● **What you need to do**: Output every record exactly, apart from its images.

Short web captions
----

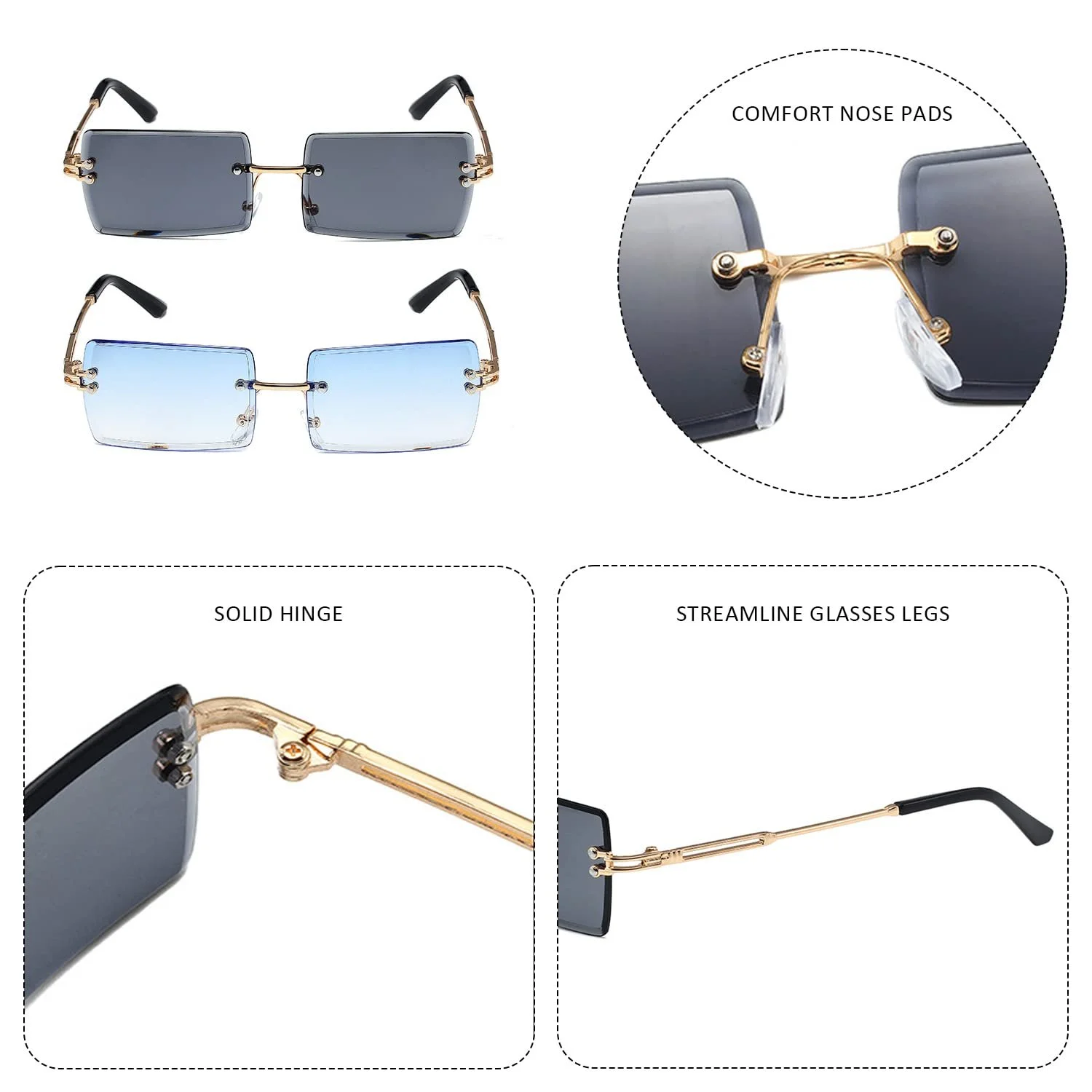 Солнцезащитные очки BEIIEB Прямоугольные Без оправы Прозрачные, фото №3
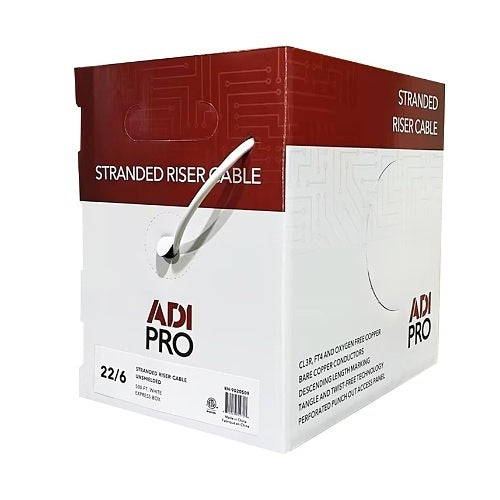 ADI PRO RN-9020509 22/6 Stranded Riser Unshielded Cable, CL3R, 500\' Express Box, White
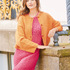 Set aus Jacke und Kleid in Fuchsia und Orange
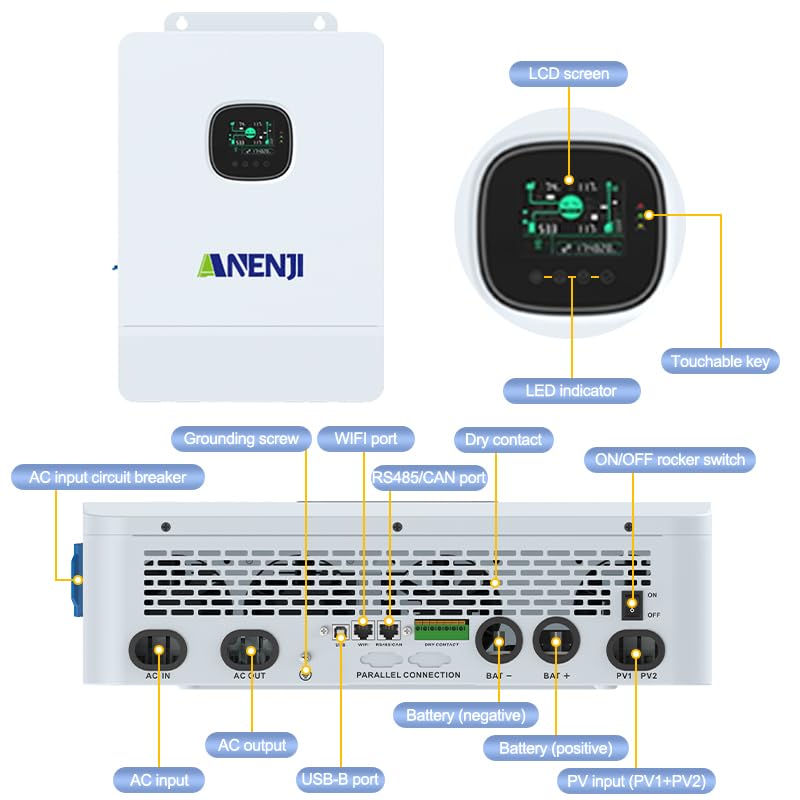 12000W Hybrid Wechselrichter All-in-One, Single-Phase und Three-Phase 48V DC zu 230V/400V AC, Mit Eingebautem 260A MPPT Solar Laderegler, Kompatibel für Bleisäure und Lithium Batterien
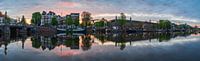 Panorama of the Amstel River in Amsterdam, 2020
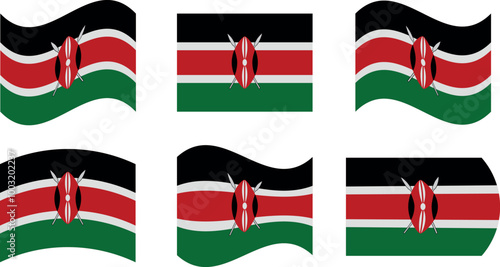 Set of 6 flags of kenya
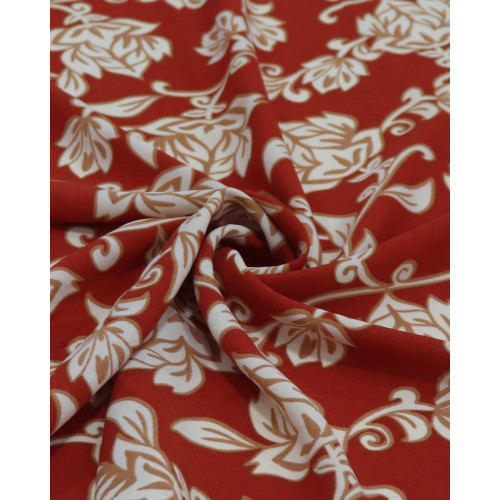 Tecido Crepe Koshibo Ramos e Flores Offwhite e Vermelho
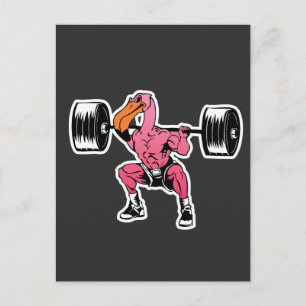 Fitness Flamingo Weightlift Bodybuilder Muskel Postkarte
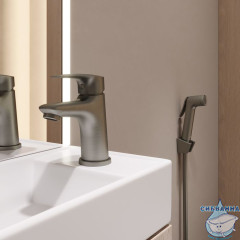 Смеситель для умывальника с гигиеническим душем, графит, Rora, Milardo, RORGM01M08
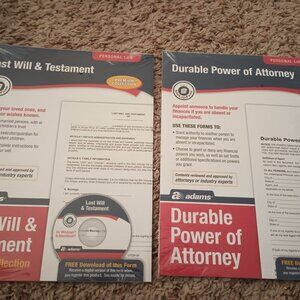 NEW lot of 2 personal law forms - will and PoA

----

● **Result below**:
 Солнцезащитные очки BEIIEB Прямоугольные Без оправы Прозрачные, фото №3
 ADI PRO RN-9020509 22/6 Stranded Riser Unshielded Cable, CL3R, 500\' Express Box, White
 Set aus Jacke und Kleid in Fuchsia und Orange
 12000W Hybrid Wechselrichter All-in-One, Single-Phase und Three-Phase 48V DC zu 230V/400V AC, Mit Eingebautem 260A MPPT Solar Laderegler, Kompatibel für Bleisäure und Lithium Batterien
 Panorama of the Amstel River in Amsterdam, 2020
 Set of 6 flags of kenya
 Tecido Crepe Koshibo Ramos e Flores Offwhite e Vermelho
 Fitness Flamingo Weightlift Bodybuilder Muskel Postkarte
 Смеситель для умывальника с гигиеническим душем, графит, Rora, Milardo, RORGM01M08
 NEW lot of 2 personal law forms - will and PoA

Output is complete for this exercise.